The next year, 1833, things went well, and there were few conflicts of temperament to interrupt the work. FitzRoy began the year genially by naming a body of water in Tierra del Fuego “Darwin Sound,” explaining in his Narrative of the voyage, “after my messmate who so willingly encountered the discomfort and risk of a long cruise in a small loaded boat.” He ended it with equal geniality, organizing Christmas contests in running, jumping, wrestling, and other sports among the seamen, and distributing prizes to the winners.

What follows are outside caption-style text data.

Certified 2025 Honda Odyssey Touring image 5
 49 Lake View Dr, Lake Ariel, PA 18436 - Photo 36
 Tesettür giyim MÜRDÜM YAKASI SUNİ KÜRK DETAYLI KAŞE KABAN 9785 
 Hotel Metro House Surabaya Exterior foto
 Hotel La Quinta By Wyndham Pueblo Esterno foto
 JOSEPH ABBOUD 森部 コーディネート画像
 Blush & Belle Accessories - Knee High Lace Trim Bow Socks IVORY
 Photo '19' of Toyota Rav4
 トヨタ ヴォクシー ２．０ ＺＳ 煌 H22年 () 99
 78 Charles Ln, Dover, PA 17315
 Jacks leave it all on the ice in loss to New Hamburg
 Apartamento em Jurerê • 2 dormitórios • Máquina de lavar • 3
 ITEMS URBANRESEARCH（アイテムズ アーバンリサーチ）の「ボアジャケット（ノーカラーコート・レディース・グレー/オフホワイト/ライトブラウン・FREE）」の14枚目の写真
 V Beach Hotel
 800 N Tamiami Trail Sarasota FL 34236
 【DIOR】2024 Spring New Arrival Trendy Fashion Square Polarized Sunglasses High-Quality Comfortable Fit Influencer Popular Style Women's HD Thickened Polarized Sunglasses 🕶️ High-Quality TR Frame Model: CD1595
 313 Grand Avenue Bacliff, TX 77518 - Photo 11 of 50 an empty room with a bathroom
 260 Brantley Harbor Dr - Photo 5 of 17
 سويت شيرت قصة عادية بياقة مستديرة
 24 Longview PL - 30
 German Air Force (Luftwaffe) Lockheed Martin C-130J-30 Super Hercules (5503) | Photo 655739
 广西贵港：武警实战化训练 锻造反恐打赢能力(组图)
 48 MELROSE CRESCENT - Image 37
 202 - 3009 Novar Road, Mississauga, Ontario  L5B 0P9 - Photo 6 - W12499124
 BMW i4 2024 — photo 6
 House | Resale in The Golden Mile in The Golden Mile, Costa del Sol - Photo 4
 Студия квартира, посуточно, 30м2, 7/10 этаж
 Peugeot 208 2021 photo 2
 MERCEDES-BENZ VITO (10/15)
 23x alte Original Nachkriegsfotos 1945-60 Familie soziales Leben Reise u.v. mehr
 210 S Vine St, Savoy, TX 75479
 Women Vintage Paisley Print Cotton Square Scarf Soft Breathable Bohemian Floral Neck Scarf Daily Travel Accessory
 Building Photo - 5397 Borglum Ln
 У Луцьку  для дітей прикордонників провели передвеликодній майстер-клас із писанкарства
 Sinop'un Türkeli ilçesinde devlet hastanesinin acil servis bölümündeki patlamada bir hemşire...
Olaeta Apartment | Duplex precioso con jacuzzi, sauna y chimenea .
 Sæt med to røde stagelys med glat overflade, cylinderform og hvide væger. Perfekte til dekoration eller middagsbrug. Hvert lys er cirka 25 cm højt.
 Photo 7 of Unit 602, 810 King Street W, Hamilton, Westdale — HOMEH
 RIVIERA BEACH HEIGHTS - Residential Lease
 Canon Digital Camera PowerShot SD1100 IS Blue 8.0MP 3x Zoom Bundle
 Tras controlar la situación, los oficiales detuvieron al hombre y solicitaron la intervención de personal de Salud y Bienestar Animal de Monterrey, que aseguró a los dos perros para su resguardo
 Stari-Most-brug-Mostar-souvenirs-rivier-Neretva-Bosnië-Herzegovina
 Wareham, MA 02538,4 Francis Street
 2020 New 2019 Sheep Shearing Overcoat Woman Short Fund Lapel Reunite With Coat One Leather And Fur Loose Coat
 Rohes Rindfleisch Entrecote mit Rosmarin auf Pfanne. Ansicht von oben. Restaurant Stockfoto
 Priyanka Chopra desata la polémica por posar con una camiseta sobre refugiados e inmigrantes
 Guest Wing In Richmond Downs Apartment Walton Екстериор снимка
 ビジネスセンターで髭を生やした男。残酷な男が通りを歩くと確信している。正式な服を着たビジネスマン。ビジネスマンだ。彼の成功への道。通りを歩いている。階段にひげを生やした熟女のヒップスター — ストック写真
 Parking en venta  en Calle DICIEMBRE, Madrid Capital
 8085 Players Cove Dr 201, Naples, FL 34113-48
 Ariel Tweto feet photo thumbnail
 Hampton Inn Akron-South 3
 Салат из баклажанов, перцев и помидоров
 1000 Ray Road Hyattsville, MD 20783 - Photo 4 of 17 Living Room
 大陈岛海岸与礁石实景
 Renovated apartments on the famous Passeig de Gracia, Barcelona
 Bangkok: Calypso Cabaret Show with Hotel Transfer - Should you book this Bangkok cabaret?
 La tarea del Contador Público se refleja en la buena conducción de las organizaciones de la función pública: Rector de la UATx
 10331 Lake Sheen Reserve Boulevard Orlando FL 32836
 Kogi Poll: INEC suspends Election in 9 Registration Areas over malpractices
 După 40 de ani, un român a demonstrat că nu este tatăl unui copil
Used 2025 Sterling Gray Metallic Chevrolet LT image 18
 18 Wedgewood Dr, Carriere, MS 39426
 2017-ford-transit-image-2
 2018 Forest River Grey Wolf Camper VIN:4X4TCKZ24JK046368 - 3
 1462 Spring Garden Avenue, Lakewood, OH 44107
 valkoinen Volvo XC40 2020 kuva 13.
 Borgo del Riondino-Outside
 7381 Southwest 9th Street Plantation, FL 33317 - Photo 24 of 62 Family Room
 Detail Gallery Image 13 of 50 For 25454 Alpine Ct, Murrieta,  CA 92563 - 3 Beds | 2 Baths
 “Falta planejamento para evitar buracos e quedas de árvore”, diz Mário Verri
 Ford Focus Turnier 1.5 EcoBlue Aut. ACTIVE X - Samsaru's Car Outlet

The following year, FitzRoy named “Mount Darwin” after his persevering messmate, and later in the year delayed the Beagle ten days because Darwin was sick on shore, without telling him that it was for his sake. Darwin mentioned in a letter to a friend that the captain abhorred “the d — d scientific Whigs,” but the reference seems amiable enough, and when they had a moderate discussion about the fixity of species, in connection with a wolflike fox on East Falkland Island, oddly enough it was FitzRoy who took the liberal, or mildly evolutionary, view, arguing that it might be a modification of the Patagonian fox, rather than a distinctly created species. The sudden blow came in November, when FitzRoy, overworked, furious with the Admiralty for refusing to support him in purchasing some auxiliary vessels to help the Beagle’s survey (Darwin agreed with him that it was discrimination because he was a Tory), and in general morbidly depressed, irresolute, and obsessed with the idea that he was becoming insane, suddenly resigned his command for reasons of ill health. Darwin determined to leave the ship when he did, but FitzRoy was eventually persuaded by the officers to withdraw his resignation and finish the voyage. By the next March, Darwin was writing Caroline, “The Captain is quite himself again.”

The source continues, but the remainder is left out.